■ Task goal ■
Leaving out pictures, output exactly the lines below from the one that has "Apartment in Gzira - 3 beds, 2 baths — 4" through the one that has "Navojoa: Ejidatarios bloquean", and nothing else.

■ The records ■
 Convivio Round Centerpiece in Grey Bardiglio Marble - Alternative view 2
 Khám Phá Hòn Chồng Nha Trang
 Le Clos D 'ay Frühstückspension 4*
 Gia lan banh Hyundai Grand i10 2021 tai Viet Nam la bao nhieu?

--

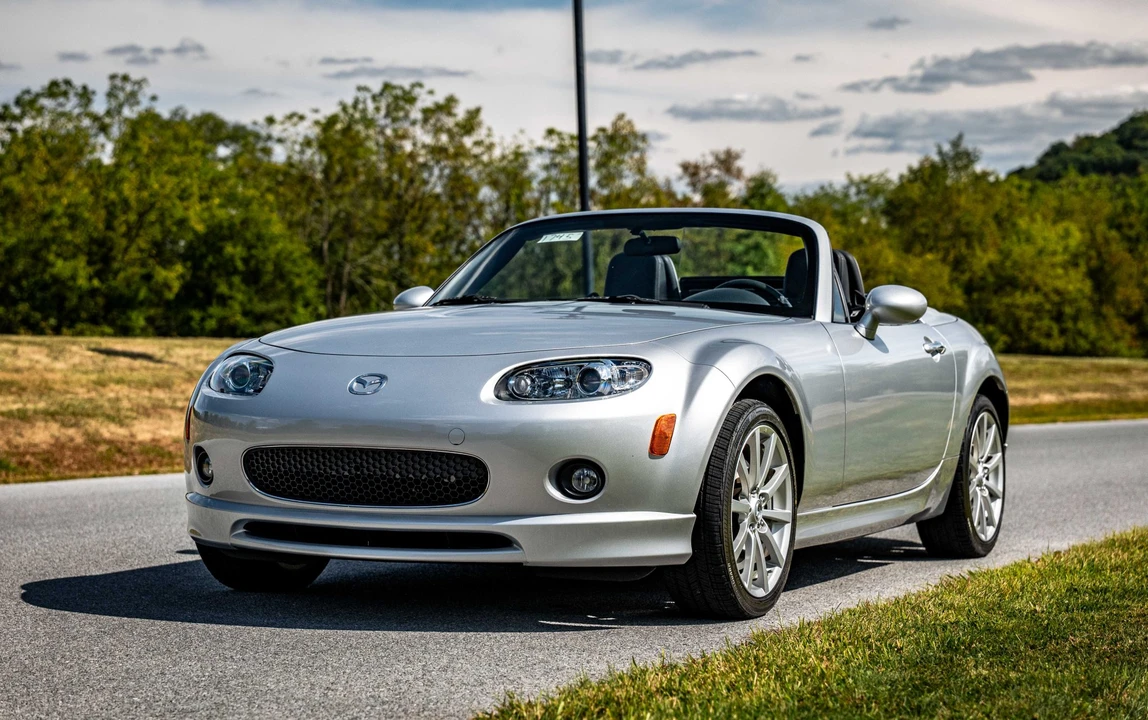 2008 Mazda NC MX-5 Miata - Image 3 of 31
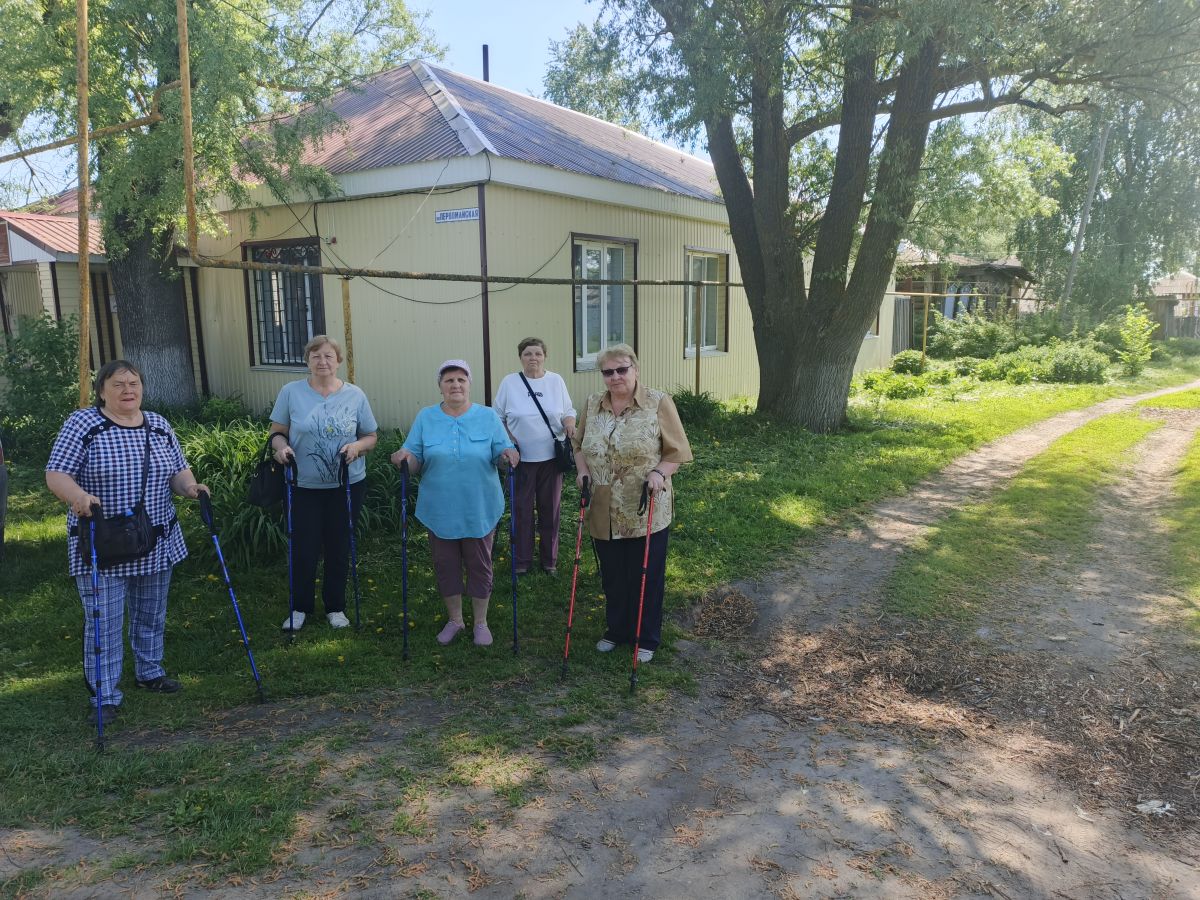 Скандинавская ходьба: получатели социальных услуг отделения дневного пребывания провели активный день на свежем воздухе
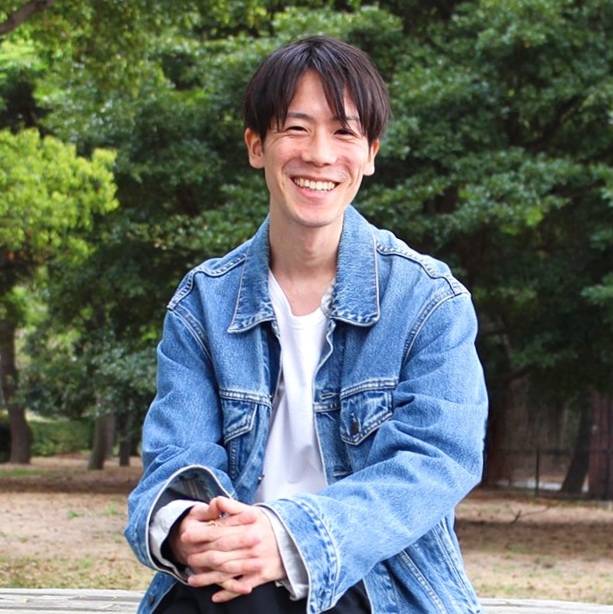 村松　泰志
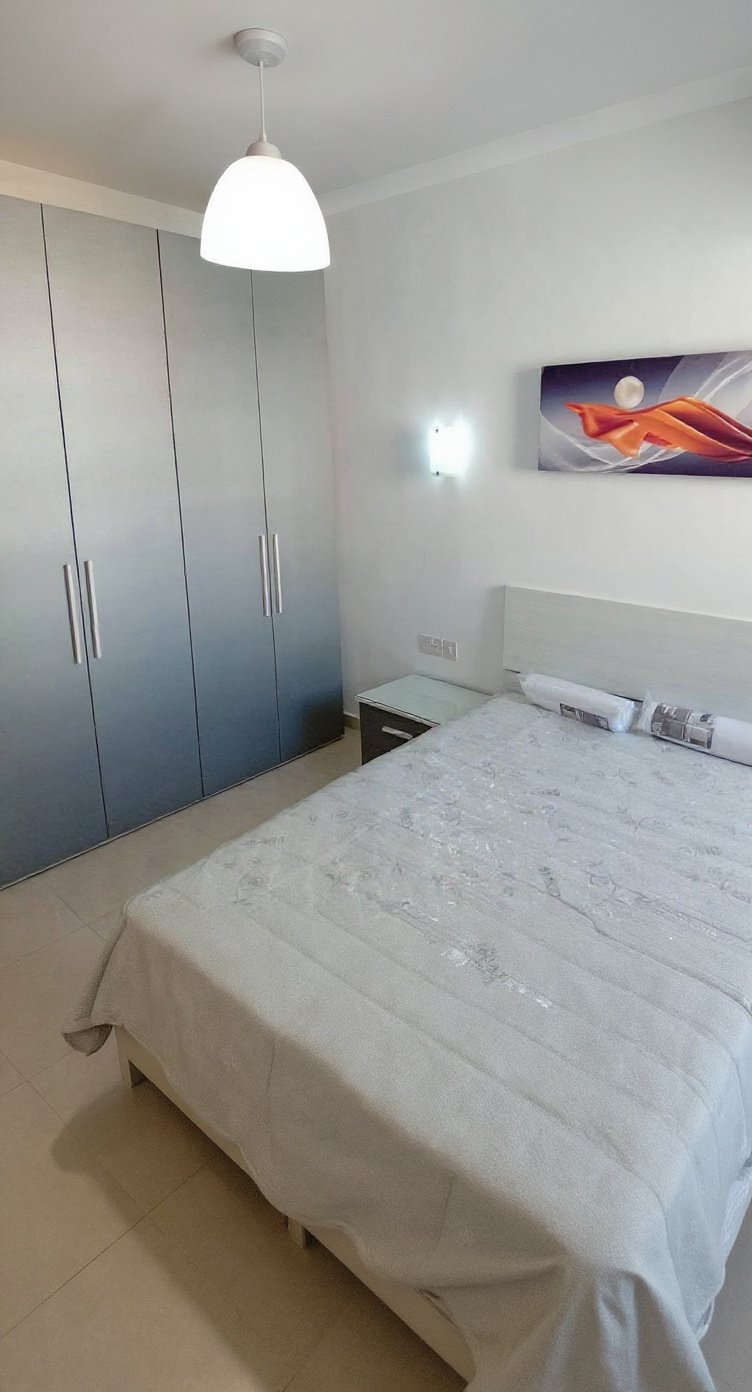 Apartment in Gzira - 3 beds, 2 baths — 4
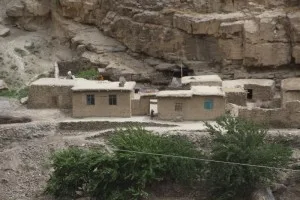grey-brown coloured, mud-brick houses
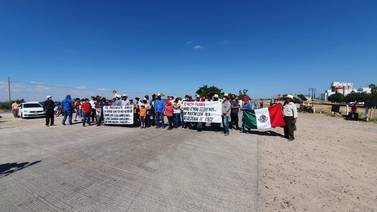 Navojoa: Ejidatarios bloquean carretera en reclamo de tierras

■ Solution for this exercise ■
 Apartment in Gzira - 3 beds, 2 baths — 4
grey-brown coloured, mud-brick houses
 Navojoa: Ejidatarios bloquean carretera en reclamo de tierras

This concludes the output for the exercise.